Implementing DenseNet-121 in PyTorch: A Step-by-Step Guide

Shuvam Das
deepkapha notes
Published in
7 min readMar 19, 2023

Introduction

Deep Learning has revolutionized the field of artificial intelligence and machine learning, and convolutional neural networks (CNN) have played a vital role in this revolution. CNNs are widely used for image classification, object detection, and other computer vision tasks. However, the success of CNNs is highly dependent on the architecture of the network.
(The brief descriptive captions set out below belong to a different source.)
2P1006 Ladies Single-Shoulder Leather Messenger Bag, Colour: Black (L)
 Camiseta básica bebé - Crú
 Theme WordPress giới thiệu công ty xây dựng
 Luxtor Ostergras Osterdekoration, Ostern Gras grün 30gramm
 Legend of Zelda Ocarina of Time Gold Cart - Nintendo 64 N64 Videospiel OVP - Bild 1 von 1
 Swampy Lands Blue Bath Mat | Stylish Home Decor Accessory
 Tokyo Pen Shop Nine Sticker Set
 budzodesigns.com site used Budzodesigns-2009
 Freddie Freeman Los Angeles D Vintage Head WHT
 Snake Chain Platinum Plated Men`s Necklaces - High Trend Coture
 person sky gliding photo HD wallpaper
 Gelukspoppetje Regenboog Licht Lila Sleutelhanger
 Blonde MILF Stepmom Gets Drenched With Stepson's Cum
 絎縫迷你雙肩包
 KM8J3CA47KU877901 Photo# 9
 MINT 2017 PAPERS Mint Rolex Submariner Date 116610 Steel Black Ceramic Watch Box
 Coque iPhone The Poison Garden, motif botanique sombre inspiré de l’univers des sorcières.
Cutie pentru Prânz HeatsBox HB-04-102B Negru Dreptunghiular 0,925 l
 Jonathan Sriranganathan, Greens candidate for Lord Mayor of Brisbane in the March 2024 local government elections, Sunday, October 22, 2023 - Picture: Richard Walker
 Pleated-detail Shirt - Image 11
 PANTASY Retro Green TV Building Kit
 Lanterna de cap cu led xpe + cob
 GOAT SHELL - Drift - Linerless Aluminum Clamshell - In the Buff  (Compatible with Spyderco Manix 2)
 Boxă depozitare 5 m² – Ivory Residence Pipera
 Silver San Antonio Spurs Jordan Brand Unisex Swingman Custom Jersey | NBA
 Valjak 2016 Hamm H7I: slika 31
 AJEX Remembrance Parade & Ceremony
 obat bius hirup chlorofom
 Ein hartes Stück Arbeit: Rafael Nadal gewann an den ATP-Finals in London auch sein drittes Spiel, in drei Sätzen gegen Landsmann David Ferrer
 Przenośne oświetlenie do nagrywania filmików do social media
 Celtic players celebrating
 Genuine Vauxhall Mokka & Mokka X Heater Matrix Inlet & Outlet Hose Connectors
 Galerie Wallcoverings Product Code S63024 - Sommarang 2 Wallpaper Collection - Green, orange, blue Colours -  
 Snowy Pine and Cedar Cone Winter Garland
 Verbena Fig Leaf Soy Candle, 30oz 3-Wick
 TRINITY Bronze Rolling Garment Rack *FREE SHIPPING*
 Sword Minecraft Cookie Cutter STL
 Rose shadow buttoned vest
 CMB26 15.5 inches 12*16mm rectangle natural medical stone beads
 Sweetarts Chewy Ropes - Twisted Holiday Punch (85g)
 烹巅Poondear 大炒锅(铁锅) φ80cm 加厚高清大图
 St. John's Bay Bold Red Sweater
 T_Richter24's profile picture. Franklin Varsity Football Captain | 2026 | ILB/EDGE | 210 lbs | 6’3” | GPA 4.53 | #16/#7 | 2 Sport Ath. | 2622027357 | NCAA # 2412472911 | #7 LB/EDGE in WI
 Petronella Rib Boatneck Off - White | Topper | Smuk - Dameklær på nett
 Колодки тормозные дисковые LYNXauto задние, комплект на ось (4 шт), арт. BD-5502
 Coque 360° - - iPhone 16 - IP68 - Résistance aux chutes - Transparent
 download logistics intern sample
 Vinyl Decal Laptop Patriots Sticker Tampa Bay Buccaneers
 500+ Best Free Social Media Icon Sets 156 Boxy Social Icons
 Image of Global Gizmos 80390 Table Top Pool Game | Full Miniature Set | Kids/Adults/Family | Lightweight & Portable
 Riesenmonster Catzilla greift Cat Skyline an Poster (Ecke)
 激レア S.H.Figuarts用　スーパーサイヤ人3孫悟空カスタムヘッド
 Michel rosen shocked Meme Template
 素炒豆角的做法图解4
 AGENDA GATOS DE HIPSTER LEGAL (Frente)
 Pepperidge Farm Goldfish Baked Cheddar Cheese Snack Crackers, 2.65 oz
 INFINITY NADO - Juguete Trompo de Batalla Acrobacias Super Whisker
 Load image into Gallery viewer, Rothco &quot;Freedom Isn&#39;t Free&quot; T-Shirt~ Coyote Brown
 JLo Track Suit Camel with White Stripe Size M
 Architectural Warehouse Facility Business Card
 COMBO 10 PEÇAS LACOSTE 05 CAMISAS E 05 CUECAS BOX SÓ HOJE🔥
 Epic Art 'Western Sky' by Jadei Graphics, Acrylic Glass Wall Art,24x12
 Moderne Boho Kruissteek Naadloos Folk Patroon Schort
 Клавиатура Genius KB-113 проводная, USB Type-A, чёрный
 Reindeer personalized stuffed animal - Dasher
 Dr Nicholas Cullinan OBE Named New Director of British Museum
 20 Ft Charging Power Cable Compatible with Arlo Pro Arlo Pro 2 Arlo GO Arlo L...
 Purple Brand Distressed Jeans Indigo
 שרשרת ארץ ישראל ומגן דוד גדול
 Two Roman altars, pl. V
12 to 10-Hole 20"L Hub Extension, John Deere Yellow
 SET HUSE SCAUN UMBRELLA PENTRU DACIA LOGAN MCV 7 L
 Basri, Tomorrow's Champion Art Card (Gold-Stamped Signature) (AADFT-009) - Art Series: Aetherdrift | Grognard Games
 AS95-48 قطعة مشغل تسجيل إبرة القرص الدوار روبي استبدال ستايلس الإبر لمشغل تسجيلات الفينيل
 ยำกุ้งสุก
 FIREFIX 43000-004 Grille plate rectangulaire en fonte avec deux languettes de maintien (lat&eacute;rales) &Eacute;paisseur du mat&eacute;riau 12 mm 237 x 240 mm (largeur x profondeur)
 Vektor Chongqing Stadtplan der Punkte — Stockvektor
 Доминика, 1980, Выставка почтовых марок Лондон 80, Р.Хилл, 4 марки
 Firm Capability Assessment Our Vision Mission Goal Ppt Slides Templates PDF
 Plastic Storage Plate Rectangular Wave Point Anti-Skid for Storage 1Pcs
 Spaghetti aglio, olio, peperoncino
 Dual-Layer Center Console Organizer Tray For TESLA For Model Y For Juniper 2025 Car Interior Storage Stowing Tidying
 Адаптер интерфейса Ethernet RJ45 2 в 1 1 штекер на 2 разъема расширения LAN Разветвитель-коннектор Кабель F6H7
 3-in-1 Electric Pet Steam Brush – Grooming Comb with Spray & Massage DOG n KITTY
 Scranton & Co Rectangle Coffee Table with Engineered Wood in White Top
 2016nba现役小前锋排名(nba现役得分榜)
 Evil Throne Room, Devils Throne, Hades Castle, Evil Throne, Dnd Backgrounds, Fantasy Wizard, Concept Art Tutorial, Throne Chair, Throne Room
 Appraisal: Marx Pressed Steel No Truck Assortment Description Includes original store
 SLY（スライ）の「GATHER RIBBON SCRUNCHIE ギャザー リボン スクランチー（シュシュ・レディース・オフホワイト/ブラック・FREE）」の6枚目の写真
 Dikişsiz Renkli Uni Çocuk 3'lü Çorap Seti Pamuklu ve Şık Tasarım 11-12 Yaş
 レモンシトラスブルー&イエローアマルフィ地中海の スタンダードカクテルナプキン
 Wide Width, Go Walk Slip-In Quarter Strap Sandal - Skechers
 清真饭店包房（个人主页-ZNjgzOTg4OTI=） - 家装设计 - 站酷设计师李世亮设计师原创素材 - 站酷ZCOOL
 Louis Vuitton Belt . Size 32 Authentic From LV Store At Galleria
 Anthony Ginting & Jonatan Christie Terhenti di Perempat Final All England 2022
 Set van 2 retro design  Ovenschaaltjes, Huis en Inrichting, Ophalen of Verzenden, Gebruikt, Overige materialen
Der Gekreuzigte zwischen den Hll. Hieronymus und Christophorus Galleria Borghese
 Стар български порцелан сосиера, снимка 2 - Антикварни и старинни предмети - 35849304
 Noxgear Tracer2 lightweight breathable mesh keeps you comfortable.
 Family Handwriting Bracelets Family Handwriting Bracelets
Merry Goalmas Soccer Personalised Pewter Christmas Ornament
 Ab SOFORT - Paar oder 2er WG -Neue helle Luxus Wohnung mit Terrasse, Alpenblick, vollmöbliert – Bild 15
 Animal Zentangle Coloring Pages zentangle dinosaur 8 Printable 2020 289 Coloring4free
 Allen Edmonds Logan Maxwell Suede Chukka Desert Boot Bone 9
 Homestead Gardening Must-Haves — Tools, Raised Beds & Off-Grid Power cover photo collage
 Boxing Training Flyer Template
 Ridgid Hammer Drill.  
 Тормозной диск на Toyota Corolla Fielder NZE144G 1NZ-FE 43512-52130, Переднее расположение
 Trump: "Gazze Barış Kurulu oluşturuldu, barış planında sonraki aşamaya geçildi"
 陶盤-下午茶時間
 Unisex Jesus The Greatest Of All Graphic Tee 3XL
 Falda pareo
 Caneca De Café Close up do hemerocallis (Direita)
DenseNet is a type of CNN architecture that is known for its efficiency and accuracy in image classification tasks. In this article, we will explain the DenseNet architecture and the code implementation in PyTorch. We will cover the code of the bottleneck layer, transition layer, and DenseNet-BC.

Dense Net Architecture

DenseNet is a convolutional neural network (CNN) architecture introduced in 2016 by Gao Huang, Zhuang Liu, Laurens van der Maaten, and Kilian Q. Weinberger. It is a state-of-the-art architecture that has achieved outstanding performance in image classification tasks. DenseNet stands for “Densely Connected Convolutional Networks,” and it is so named because it connects every layer to every other layer in a feedforward fashion. DenseNet has two key features that make it stand out from other CNN architectures. First, it has a dense block structure, where each layer is connected to every other layer in a feedforward fashion. Second, it uses bottleneck layers that help reduce the number of parameters without reducing the number of features learned by the network.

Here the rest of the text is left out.